A program using a learning-by-examples algorithm creates descriptions that are used to differentiate between two classes of prosthetic devices. The best descriptions are selected by the learning algorithm based on a "significance" bias. This bias is automatically derived by a rule system which deduces a level of significance for each of the learned descriptions. The basis for deriving a level of significance for a class description is dependent upon the relationships between the class attributes.
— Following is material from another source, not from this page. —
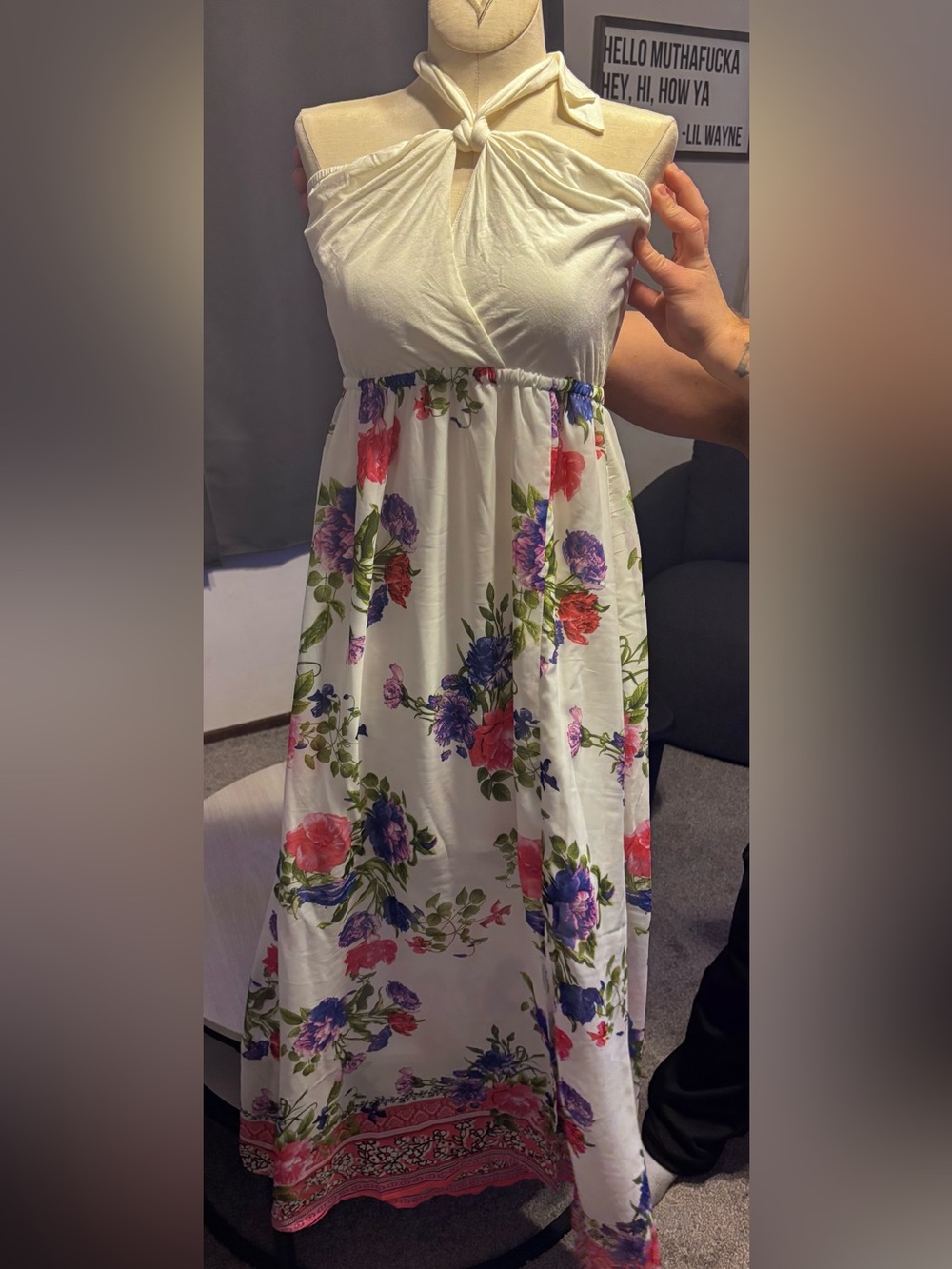 White Birch White Maxi Dress with Pink & Purple Floral Print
Generalized rules are developed which capitalize on the relationships between attributes of a class description in order to deduce a level of significance. It is further hypothesized that the rules are applicable to any domain in which the relationships between class attributes are known a priori. The exchange of information between the learning-by-examples algorithm and the rule system is outlined. The rules are shown along with the representation structure of the class attributes. The results of utilizing three different biases within the learning-by-examples algorithm are also presented. It is shown that the maximum significance bias, equal cost bias, and minimal significance bias provide decreasingly useful descriptions of the prosthetic devices respectively.

Paper Details

Date Published: 11 May 1987
PDF: 11 pages
Proc. SPIE 0786, Applications of Artificial Intelligence V, (11 May 1987); doi: 10.1117/12.940656
Show Author Affiliations
Joseph F. Blumberg, Planning Research Corporation (United States)
James A. Hendler, University of Maryland (United States)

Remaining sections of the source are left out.